Leave out the pictures and retype, exactly, the lines below from the line with "BMW Řada 7 M760" up to and including the line with "Alexander McQueen Oversized Black White Sole", nothing more.

> _Records supplied_:
* * * *

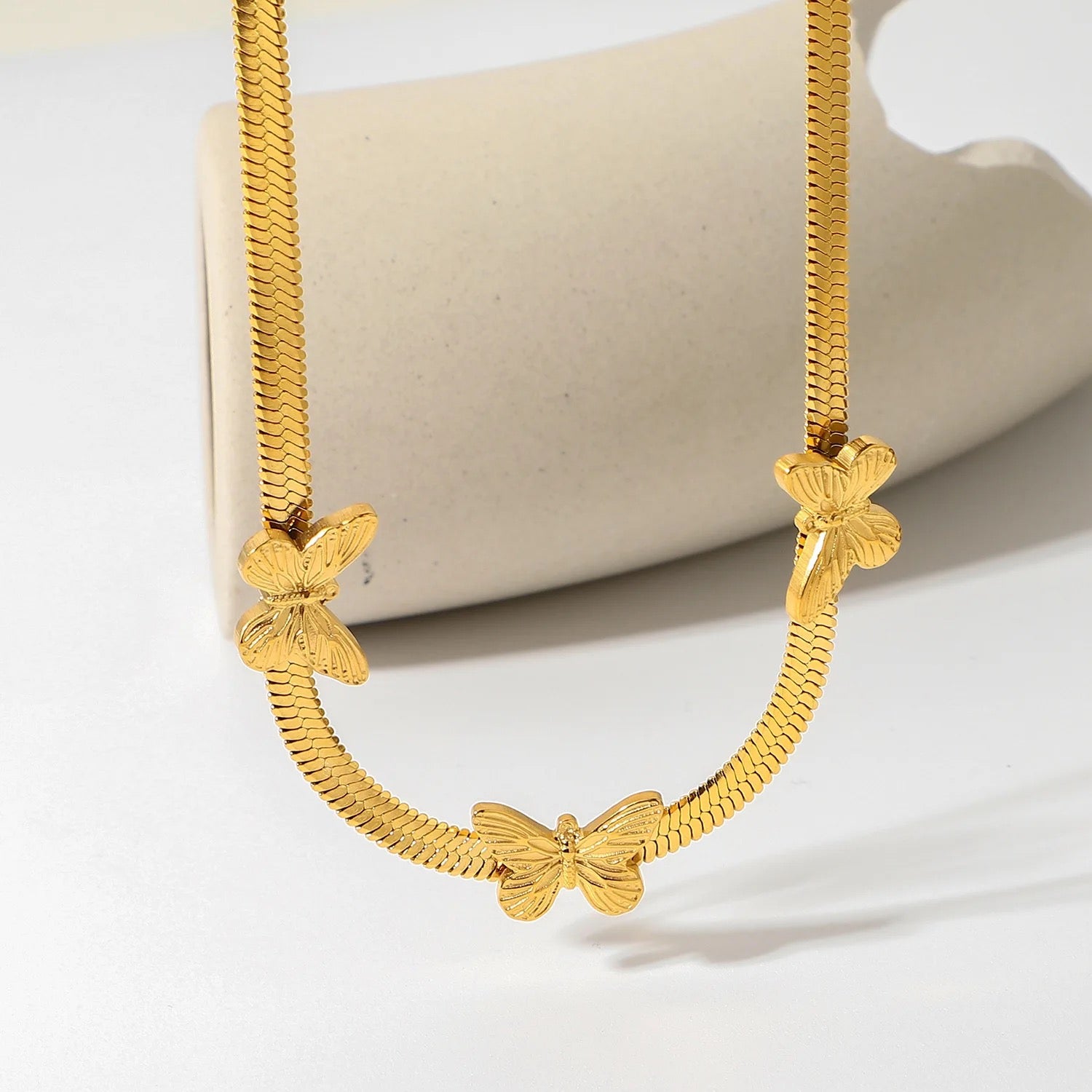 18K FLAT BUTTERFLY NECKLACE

* * * *

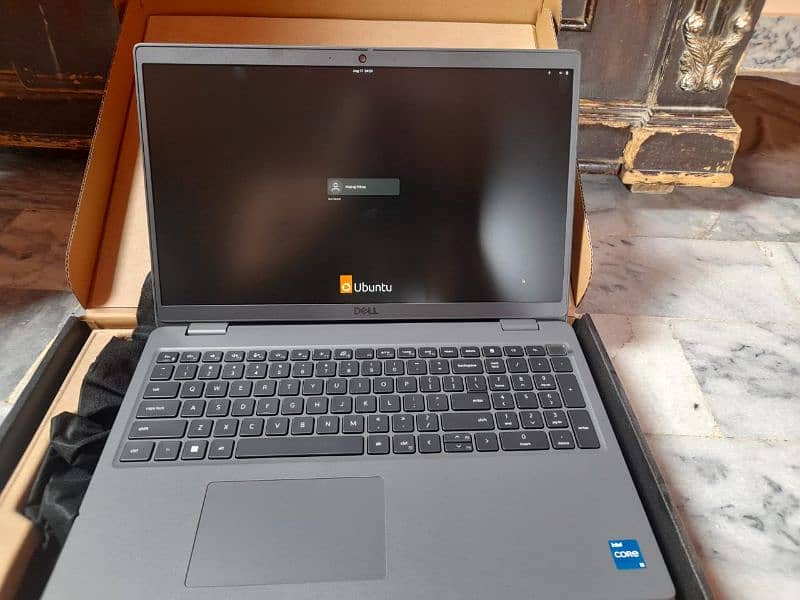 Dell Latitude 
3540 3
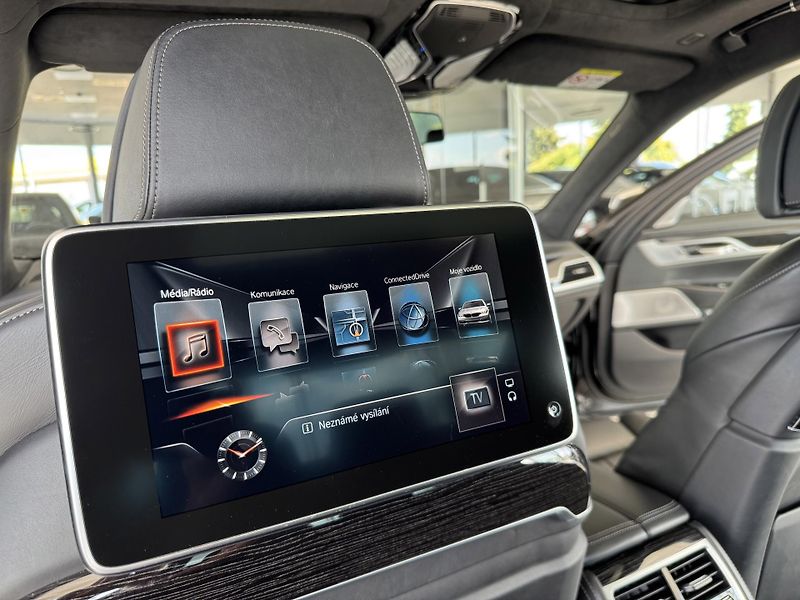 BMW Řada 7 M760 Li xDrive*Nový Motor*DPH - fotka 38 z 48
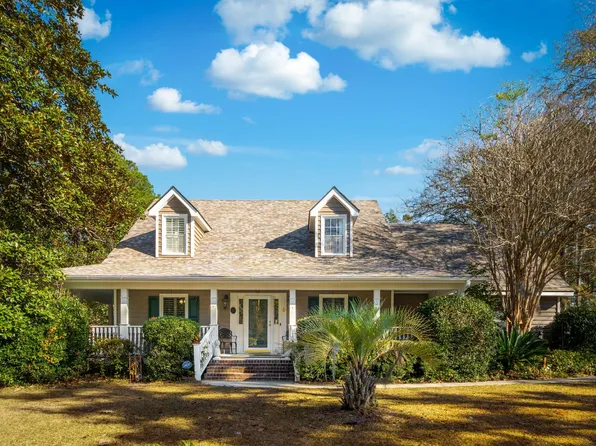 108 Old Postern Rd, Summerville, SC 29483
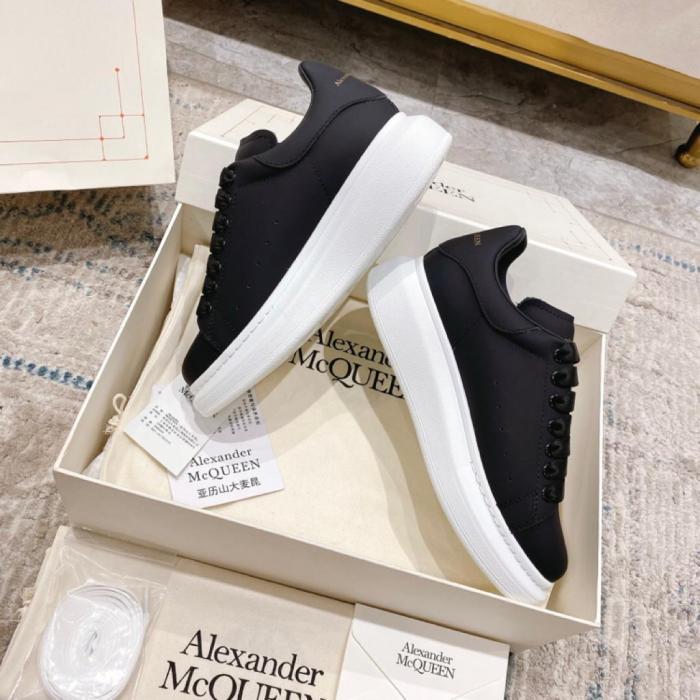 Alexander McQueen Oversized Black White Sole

* * * *

> _Response to the task_:
 BMW Řada 7 M760 Li xDrive*Nový Motor*DPH - fotka 38 z 48
 108 Old Postern Rd, Summerville, SC 29483
 Alexander McQueen Oversized Black White Sole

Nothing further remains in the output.